Jess looked into Sister’s eyes, which were dark with sadness, and realised how worried she was about such a fate. Her visit to her friend seemed to have lowered her spirits dramatically.

‘Go on, don’t talk like that. You’ve got years left in you yet!’ said Jess. ‘You and Sparky will still be following me round when you’re a hundred, telling me I ain’t cleaned the grates or set the fires properly.’

Sister Sutton looked up at her, and once again Jess saw her small, sad smile.

‘I hope so, my dear,’ she said. ‘I truly hope so.’

Chapter Twenty-Six

THE FIRST SUNDAY
in the month was visiting day on the children’s ward, and Sister Parry was in an even worse mood than usual as she gathered the nurses around the table for her morning report.

‘Staff Nurse Ryan will be away for some time, so her duties will have to be shared out among the rest of you,’ she told them all. ‘Anderson, I want you to take over specialing room two. Doyle, you can assist her. Lane, I want you to take over most of Staff Nurse Ryan’s duties while she’s away. You can begin by assisting me with the medicine round.’
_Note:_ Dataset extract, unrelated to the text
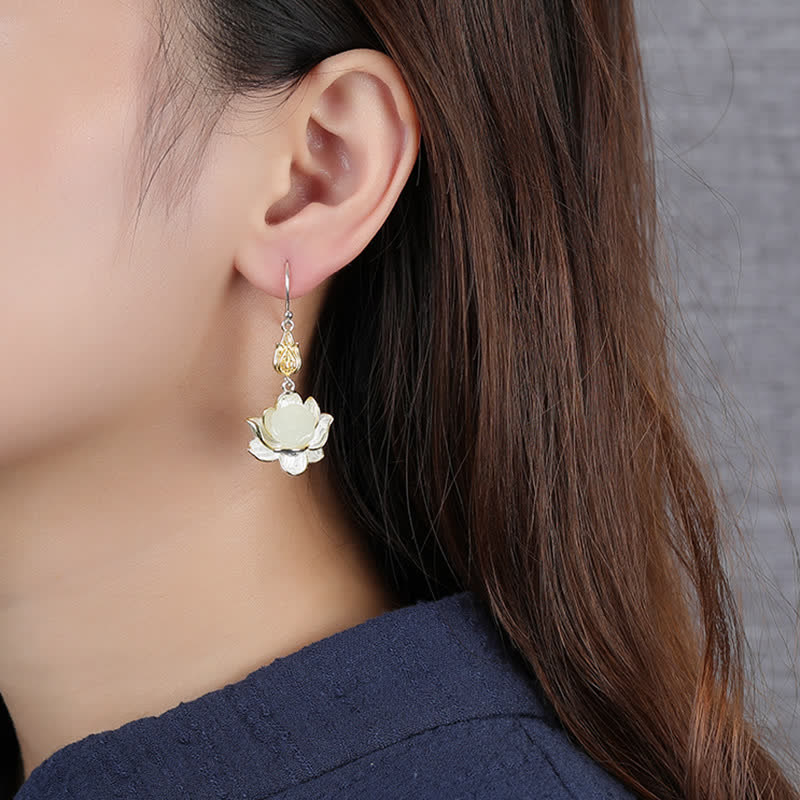KarmaRipple's Ivory Jade Protection Balance Drop Earrings p5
‘Yes, Sister.’ Dora watched Lucy preening herself as Sister Parry handed out the rest of that morning’s jobs. Dora shouldn’t have been surprised, of course, that Lane had been given nearly all the senior jobs. She was Sister Parry’s pet, after all.
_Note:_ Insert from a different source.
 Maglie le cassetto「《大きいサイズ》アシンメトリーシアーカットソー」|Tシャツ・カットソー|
‘And of course it’s visiting this afternoon,’ Sister Parry continued, her lips tightening. ‘Although I’m sure we could all do without that disruption, since we’re short-staffed.’

‘That’s so typical of her, to only think about herself,’ Dora muttered to Daphne Anderson later, as they made up Ernest’s bed.

‘She has a point, though,’ Daphne said. ‘You know what the children are like once visiting time is over. This place is absolute bedlam. Half of them are inconsolable because their parents have gone, the other half scared out of their wits because they arrived in the first place.’

It had come as a shock to Dora at first to see the younger patients reeling in terror at the sight of people who had become strangers to them beside their cots. It broke her heart to see the agony on the parents’ faces, too. They had waited so long to see their babies, but their babies no longer knew them.

‘As far as the children here are concerned, we’re their families now,’ Daphne said, smoothing down the drawsheet.

‘Except we’re not allowed to comfort them if they’re lonely or afraid. I can’t imagine what kind of mother would ignore a crying child.’

‘I’m sure Sister Parry knows best,’ Daphne replied primly. ‘She does care, you know. In her own way.’

Dora sent her a sidelong look. Daphne was like Lucy, desperate to stay in Sister’s good books.

‘All I know is, I can’t wait to get off this ward,’ she murmured. ‘I thought I’d love working with kids, but Sister’s made it an absolutely misery.’

Damn Staff Nurse Ryan and her scarlet fever, she thought. Being laid up probably wasn’t nice for her, but it was even worse for Dora, being stuck on the ward for another three months.

As if they weren’t busy enough, a new patient was admitted in the middle of the morning, just as Matron arrived to do her rounds. Sister Parry seemed most displeased at the interruption, and immediately had two pros usher the girl off to a bathroom while she discussed the case with Matron.